Together, the governments of Canada and B.C. are investing over $515,000 in the Creative Employment Access Society’s Vintage Advantage project to improve participants’ employability and get them back to work.

Participants will be able to tailor the training to their needs, opting for work experience with a local employer, individualized skills development and job search assistance, or self-employment. After graduating from the program, participating older workers will continue to have access to job coaching and ongoing support.

The announcement was made by John Duncan, Minister of Aboriginal Affairs and Northern Development and Vancouver Island North MP and Pat Bell, Minister of Jobs, Tourism and Skills Training and Minister Responsible for Labour for British Columbia.

“Our government’s top priorities are creating jobs, economic growth and long-term prosperity,” said Duncan. “Through the Targeted Initiative for Older Workers, we are helping unemployed older workers in British Columbia develop new skills so they can make the transition to new jobs.”

“By working with the federal government on programs like the Targeted Initiative for Older Workers, we are leveraging an important resource in our economy: older workers,” said Bell. “Using labour market programs like the TIOW and those provided under the Canada–B.C. Labour Market Agreement helps British Columbia capitalize on the human resources we already have in this province so we get the right people the right skills to fill the over one million jobs we expect in B.C. by 2020.”

“This TIOW funding will enable us to resume offering employment services tailored to the needs of older workers in the Comox Valley,” said Bruce Brautigan, executive director of the Creative Employment Access Society in the Comox Valley. “Our Vintage Advantage project has been highly successful in helping older workers find suitable jobs or launch their own business and we are very pleased that it will be continuing.”

To date, the TIOW has targeted more than 25 000 unemployed older workers across Canada, including more than 4,000 in B.C. The initiative provides retraining for new careers and supports the Government of Canada’s broader strategy to create an educated, skilled and flexible workforce.

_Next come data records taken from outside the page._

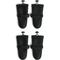 Show in main carousel: Canada Pooch Waterproof Dog Rain Boots, Black, size 1 slide 1 of 7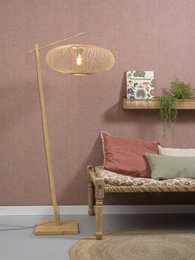 Vloerlamp Cango nat/kap natural, S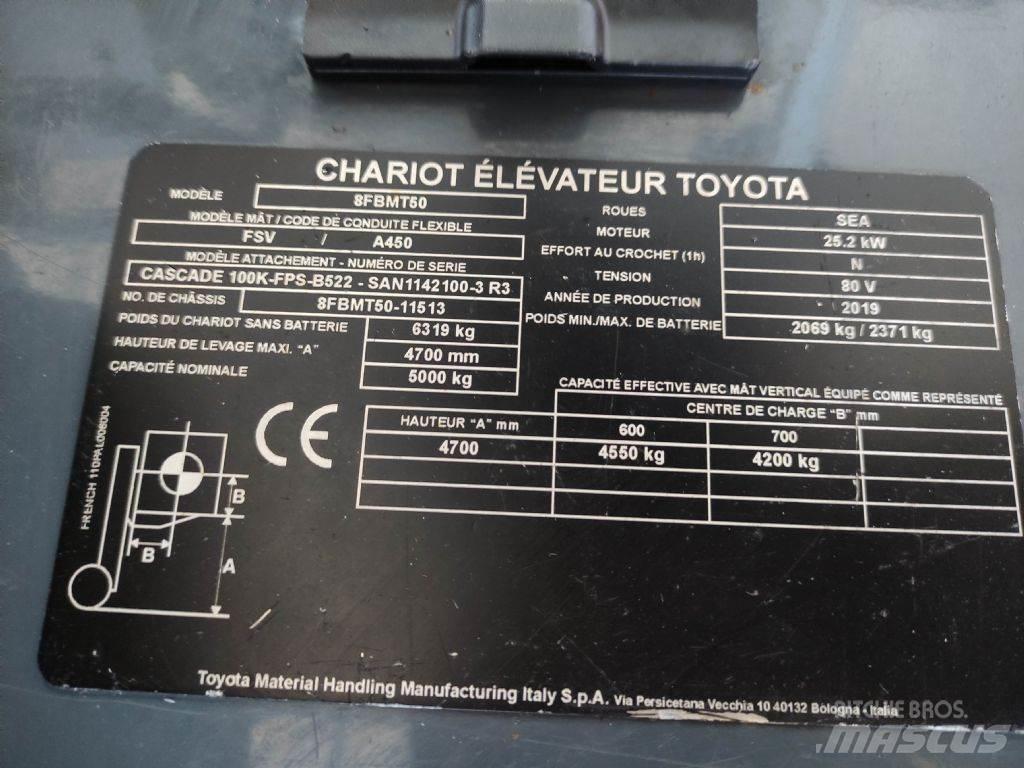 Toyota 8FBMT50 Elektriskie iekrāvēji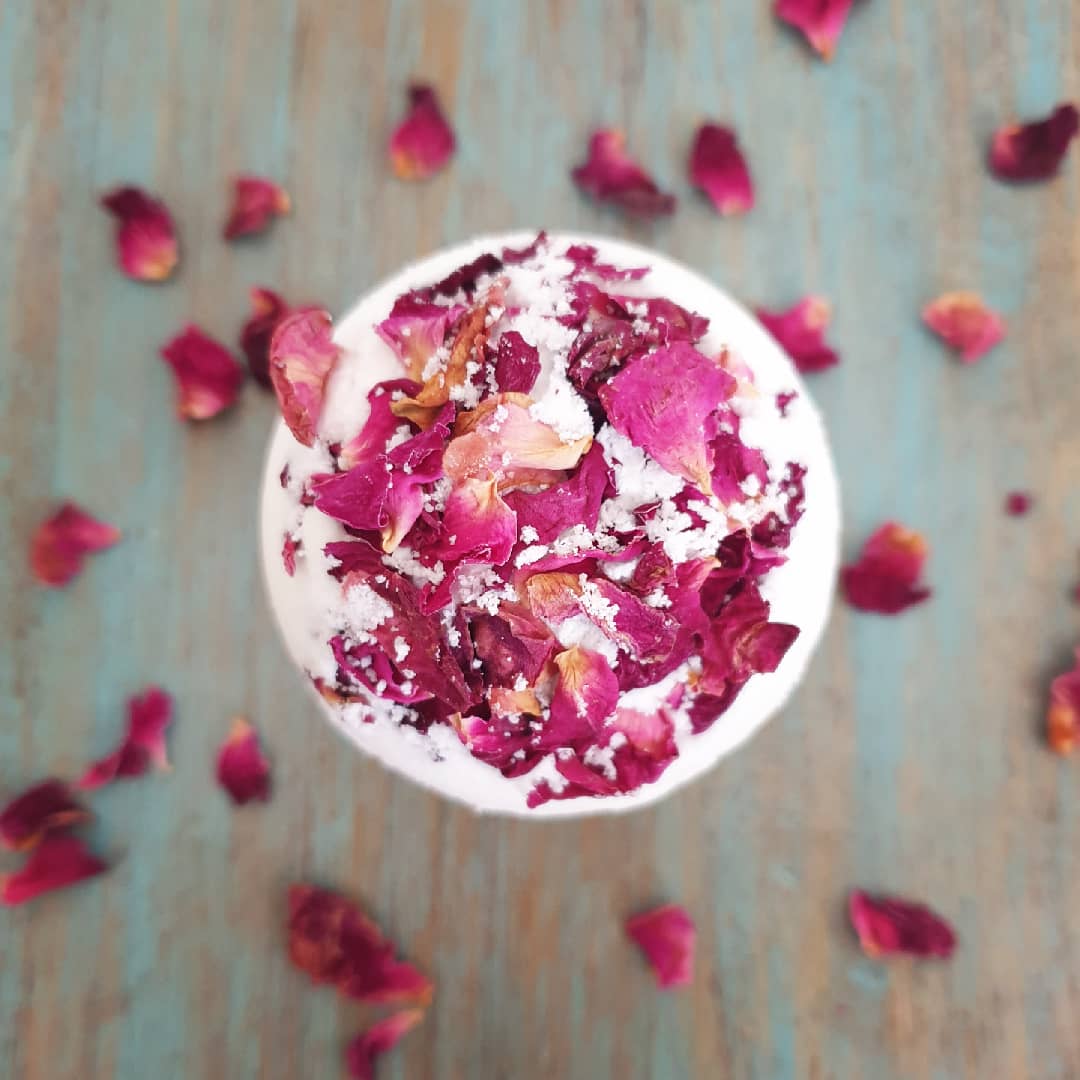Bath bomb "Rose & Sandalwood", 120g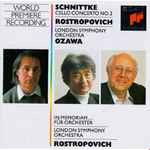 Cover for album: Schnittke – Rostropovich, London Symphony Orchestra, Ozawa – Cello Concerto No. 2 / In Memoriam... Für Orchester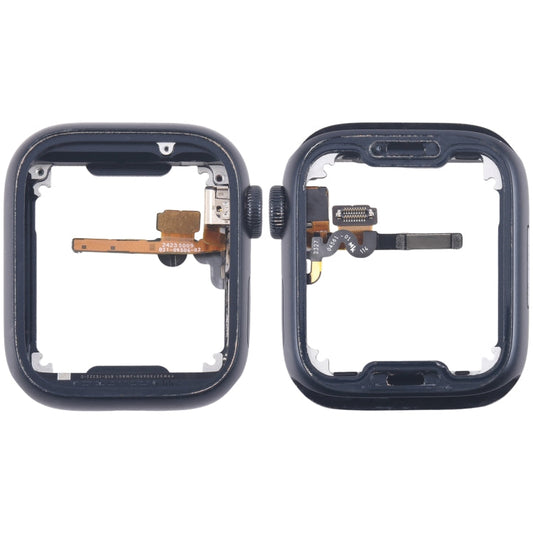 Piastra della lunetta del telaio centrale in lega di alluminio con cavo flessibile dell'asse di rotazione della corona, For Apple Watch Series 7 / 8 / 9 45MM LTE, For Apple Watch Series 7 / 8 / 9 45MM GPS, For Apple Watch Series 7 / 8 / 9 41MM LTE�����...
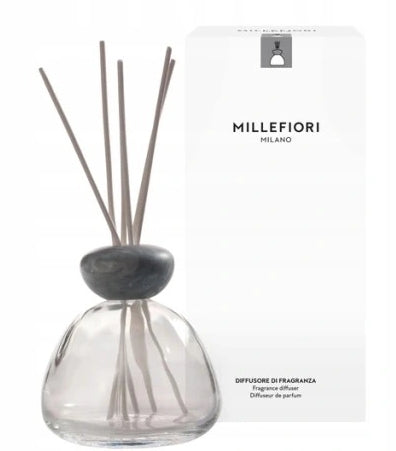 Diffusore di Aromi senza Ricarica, trasparente con grigio Millefiori Milano Air Design Marble Glass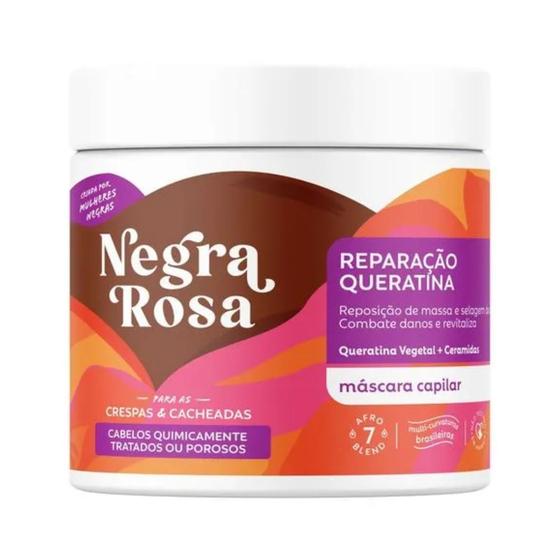 Imagem de Máscara Capilar Reparação Queratina Negra Rosa 500g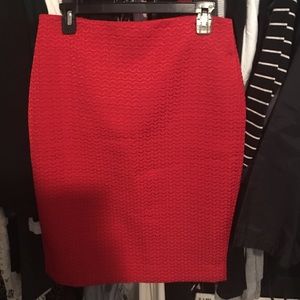 The Limited Red Pencil Skirt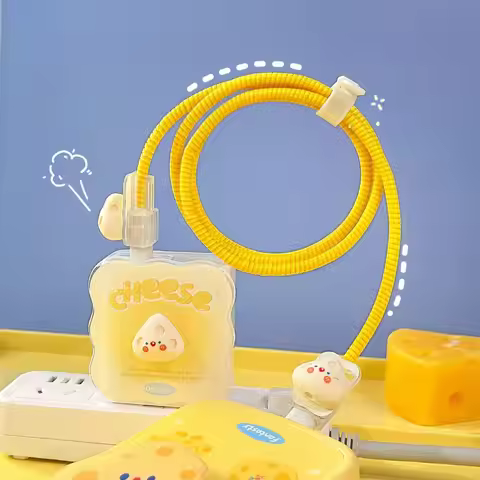 Applicable Xiaomi 67W Data Cable Protective Set Redmi Charger Head Note/11/12/13/Pro/K60/k50 Charger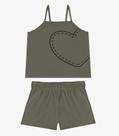 Conjunto Infantil Blusa e Shorts Menina Select Verde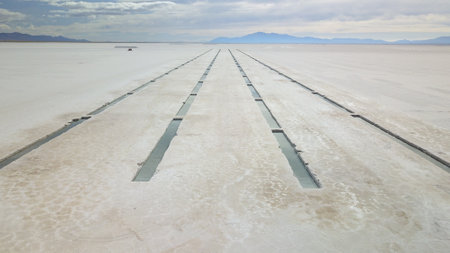 Famous salt flats in northwestern Argentinaの写真素材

The federal-provincial/territorial cost-shared initiative provides people with employment assistance services, such as resumé writing and counseling, and employability improvement activities, such as skills upgrading and work experience.

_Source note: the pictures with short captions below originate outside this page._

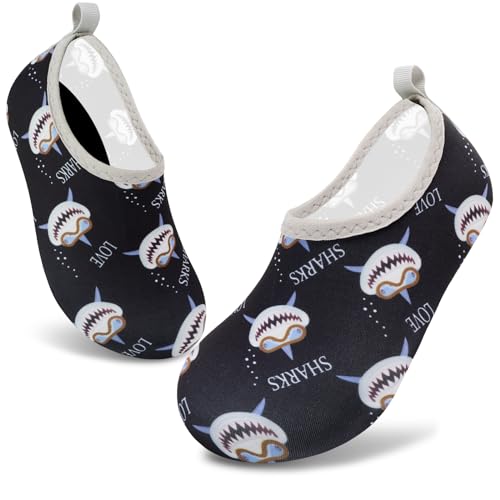 Image of VIFUUR Kids Water Shoes Girls Boys Quick Dry Aqua Socks for Beach Swim Outdoor Sports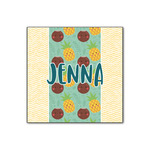 Pineapples and Coconuts Wood Print - 12x12 (Personalized)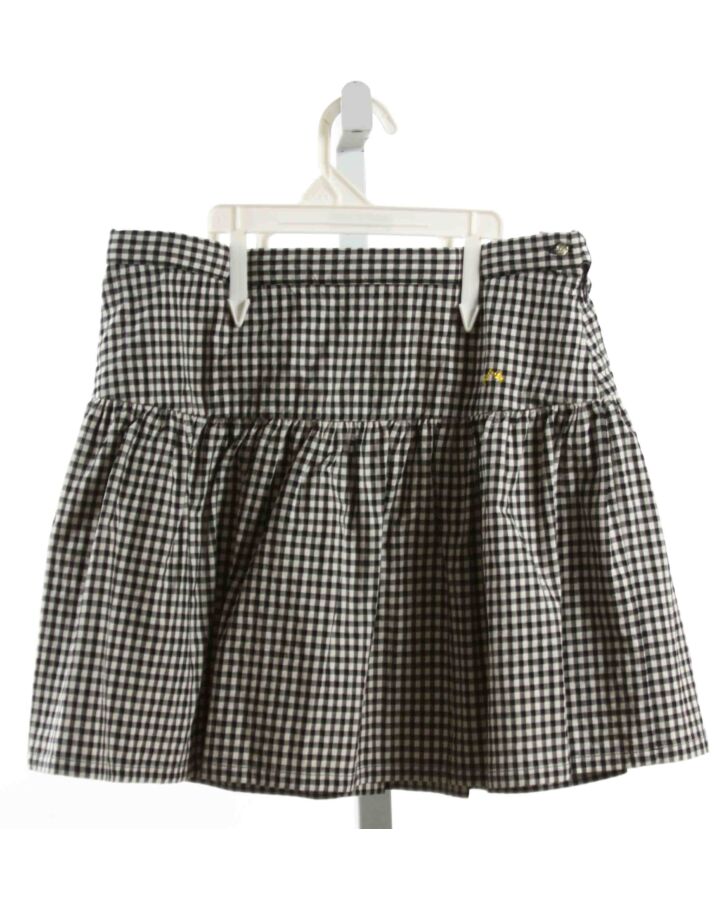 LILI GAUFRETTE  BLACK  GINGHAM  SKIRT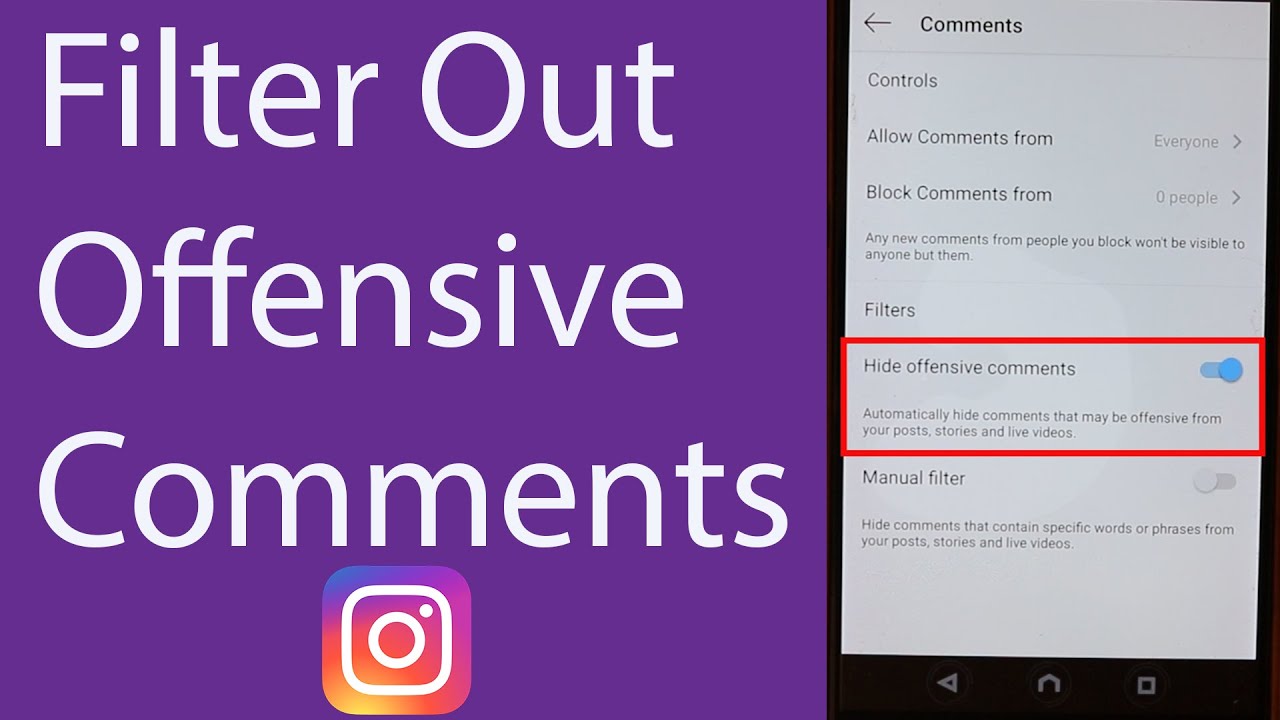 How to Filter Out Offensive Comments on Instagram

The TIOW assists unemployed older workers, aged 55 to 64 years, who live in a city or town with a population of 250,000 or fewer that is experiencing high unemployment, significant downsizing or closures.

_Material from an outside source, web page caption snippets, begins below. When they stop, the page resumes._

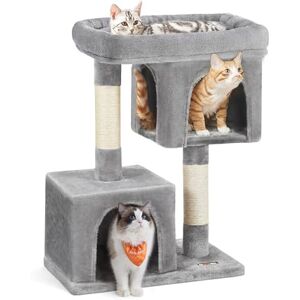 Feandrea Arbre à Chat, Tour de Jeux 84 cm, L, Maison pour Chats Jusqu’à 7 kg, Grande Plate-Forme, 2 Niches, Griffoir, Gris Clair PCT61W - Publicité Feandrea Arbre à Chat, Tour de Jeux 84 cm, L, Maison pour Chats Jusqu’à 7 kg, Grande Plate-Forme, 2 Niches, Griffoir, Gris Clair PCT61W - Publicité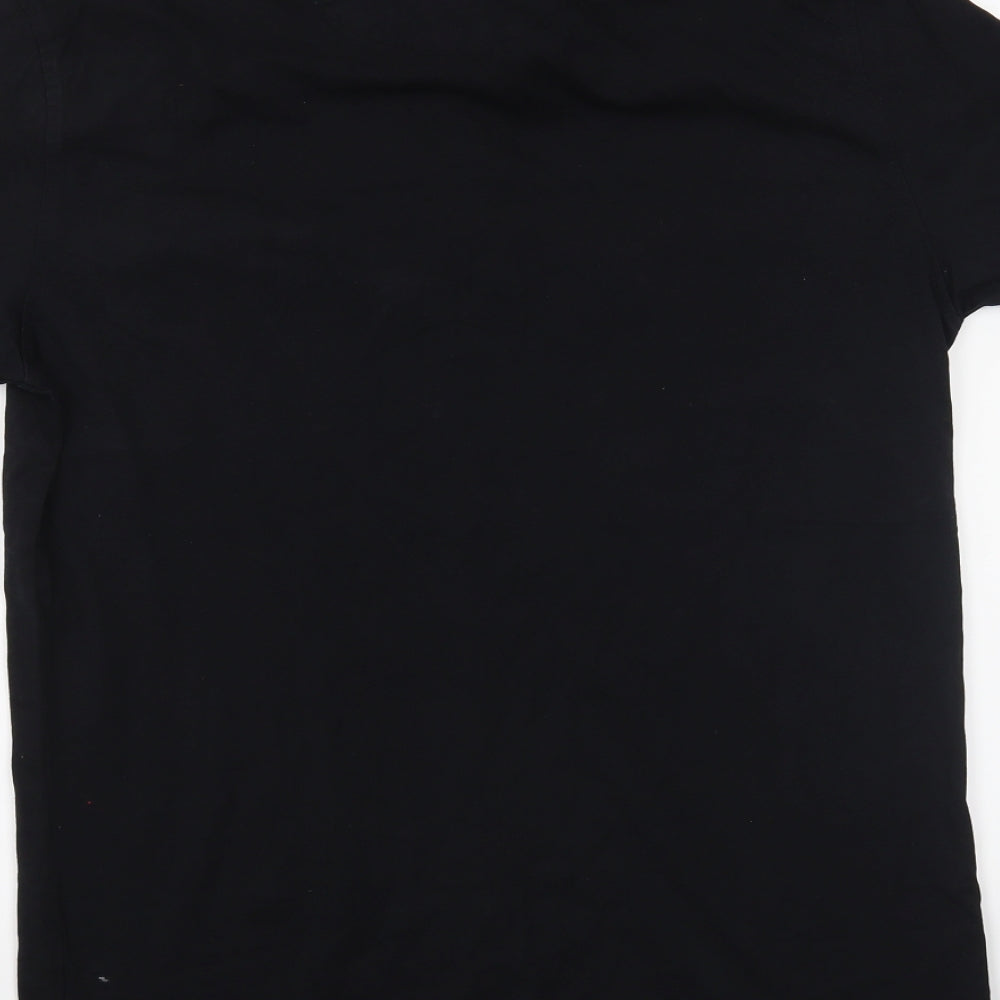 Primark Mens Black    T-Shirt Size M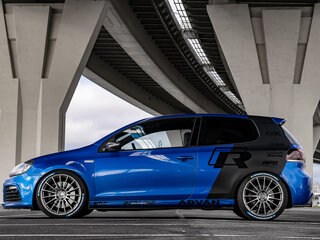 2011 Volkswagen Golf R VI, синий, 1950000 рублей, вид 2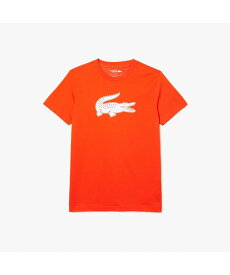 【SALE／12%OFF】LACOSTE コットンブレンドウルトラドライロゴプリントTシャツ ラコステ トップス カットソー・Tシャツ ホワイト ネイビー グリーン ブラック ブルー オレンジ【送料無料】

The Government of Canada launched the TIOW in fall 2006 and has since contributed $270 million in funding and extended the initiative until March 31, 2014.

The TIOW launched with a commitment of $70 million for programming to March 31, 2009. Budget 2008 invested another $90 million to extend the initiative for three years, to March 2012.

Canada’s Economic Action Plan (EAP) 2009 provided an additional $60 million over that same period. In 2011, the TIOW was extended to March 31, 2014 with a further $50 million, and EAP 2012 reiterated this commitment.